● **Supplied data**
..........
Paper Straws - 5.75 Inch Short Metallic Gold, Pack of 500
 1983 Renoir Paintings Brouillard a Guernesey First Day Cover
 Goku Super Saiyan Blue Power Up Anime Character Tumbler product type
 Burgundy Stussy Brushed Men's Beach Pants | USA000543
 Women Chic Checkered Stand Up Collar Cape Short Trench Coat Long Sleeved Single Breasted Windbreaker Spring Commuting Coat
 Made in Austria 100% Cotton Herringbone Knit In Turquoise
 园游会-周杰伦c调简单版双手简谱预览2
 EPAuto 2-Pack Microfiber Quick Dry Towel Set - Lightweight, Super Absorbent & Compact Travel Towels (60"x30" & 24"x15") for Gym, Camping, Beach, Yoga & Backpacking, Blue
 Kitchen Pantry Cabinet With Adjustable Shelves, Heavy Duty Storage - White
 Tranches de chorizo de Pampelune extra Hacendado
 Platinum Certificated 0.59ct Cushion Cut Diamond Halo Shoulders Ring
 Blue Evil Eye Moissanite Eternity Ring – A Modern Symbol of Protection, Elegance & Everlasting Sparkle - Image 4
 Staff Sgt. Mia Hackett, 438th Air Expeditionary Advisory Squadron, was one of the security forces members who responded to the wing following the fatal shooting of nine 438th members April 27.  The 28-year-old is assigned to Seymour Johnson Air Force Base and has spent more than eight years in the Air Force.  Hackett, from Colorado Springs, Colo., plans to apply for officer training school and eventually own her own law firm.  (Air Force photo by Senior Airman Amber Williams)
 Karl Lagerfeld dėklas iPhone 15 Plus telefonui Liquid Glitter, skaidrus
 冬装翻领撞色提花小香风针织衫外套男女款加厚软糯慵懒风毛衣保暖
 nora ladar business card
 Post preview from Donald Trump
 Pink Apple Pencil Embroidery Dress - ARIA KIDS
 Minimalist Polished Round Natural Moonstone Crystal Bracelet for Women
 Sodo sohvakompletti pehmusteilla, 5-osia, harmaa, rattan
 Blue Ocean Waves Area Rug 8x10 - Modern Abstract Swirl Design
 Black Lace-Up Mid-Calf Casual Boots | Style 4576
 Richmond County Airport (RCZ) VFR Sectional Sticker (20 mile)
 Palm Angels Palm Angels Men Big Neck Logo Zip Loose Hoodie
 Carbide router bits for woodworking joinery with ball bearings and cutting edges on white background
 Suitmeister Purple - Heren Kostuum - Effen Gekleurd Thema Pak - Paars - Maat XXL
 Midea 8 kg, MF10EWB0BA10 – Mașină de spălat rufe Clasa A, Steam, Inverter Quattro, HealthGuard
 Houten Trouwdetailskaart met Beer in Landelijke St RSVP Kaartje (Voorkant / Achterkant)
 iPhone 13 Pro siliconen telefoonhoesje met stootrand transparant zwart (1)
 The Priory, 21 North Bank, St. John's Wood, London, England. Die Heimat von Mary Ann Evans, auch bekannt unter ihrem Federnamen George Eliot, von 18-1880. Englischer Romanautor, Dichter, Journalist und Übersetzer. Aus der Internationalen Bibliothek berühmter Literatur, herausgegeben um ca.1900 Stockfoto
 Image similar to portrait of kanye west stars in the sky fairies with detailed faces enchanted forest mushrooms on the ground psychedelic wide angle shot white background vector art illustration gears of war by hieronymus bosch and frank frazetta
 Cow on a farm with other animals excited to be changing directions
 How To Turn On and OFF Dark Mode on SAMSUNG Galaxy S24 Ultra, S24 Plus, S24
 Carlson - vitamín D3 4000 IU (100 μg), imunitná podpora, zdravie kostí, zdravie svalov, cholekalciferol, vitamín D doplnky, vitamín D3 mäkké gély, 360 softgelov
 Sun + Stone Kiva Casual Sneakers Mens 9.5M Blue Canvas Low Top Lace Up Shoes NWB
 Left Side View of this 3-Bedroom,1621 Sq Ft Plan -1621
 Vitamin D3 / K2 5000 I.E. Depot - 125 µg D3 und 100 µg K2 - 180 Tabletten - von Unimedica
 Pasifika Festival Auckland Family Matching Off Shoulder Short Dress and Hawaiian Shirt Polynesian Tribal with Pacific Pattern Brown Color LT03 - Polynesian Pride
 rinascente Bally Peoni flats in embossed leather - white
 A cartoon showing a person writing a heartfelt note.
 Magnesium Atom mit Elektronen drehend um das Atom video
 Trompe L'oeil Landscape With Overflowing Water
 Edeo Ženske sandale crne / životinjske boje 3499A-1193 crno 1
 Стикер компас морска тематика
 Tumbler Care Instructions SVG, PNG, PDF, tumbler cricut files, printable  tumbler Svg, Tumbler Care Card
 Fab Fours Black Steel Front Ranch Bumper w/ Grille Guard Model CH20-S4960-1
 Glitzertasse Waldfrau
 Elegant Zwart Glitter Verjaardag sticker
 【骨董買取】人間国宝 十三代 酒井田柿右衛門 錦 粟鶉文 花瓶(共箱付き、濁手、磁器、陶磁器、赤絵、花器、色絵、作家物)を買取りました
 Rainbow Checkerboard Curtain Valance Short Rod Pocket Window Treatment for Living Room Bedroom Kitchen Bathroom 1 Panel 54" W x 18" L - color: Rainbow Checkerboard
..........
● **Task instructions**
An exact, complete copy of the lines above from the one with "Suitmeister Purple - Heren" through the one with "Vitamin D3 /" is the whole answer.

● **Exercise result**
 Suitmeister Purple - Heren Kostuum - Effen Gekleurd Thema Pak - Paars - Maat XXL
 Midea 8 kg, MF10EWB0BA10 – Mașină de spălat rufe Clasa A, Steam, Inverter Quattro, HealthGuard
 Houten Trouwdetailskaart met Beer in Landelijke St RSVP Kaartje (Voorkant / Achterkant)
 iPhone 13 Pro siliconen telefoonhoesje met stootrand transparant zwart (1)
 The Priory, 21 North Bank, St. John's Wood, London, England. Die Heimat von Mary Ann Evans, auch bekannt unter ihrem Federnamen George Eliot, von 18-1880. Englischer Romanautor, Dichter, Journalist und Übersetzer. Aus der Internationalen Bibliothek berühmter Literatur, herausgegeben um ca.1900 Stockfoto
 Image similar to portrait of kanye west stars in the sky fairies with detailed faces enchanted forest mushrooms on the ground psychedelic wide angle shot white background vector art illustration gears of war by hieronymus bosch and frank frazetta
 Cow on a farm with other animals excited to be changing directions
 How To Turn On and OFF Dark Mode on SAMSUNG Galaxy S24 Ultra, S24 Plus, S24
 Carlson - vitamín D3 4000 IU (100 μg), imunitná podpora, zdravie kostí, zdravie svalov, cholekalciferol, vitamín D doplnky, vitamín D3 mäkké gély, 360 softgelov
 Sun + Stone Kiva Casual Sneakers Mens 9.5M Blue Canvas Low Top Lace Up Shoes NWB
 Left Side View of this 3-Bedroom,1621 Sq Ft Plan -1621
 Vitamin D3 / K2 5000 I.E. Depot - 125 µg D3 und 100 µg K2 - 180 Tabletten - von Unimedica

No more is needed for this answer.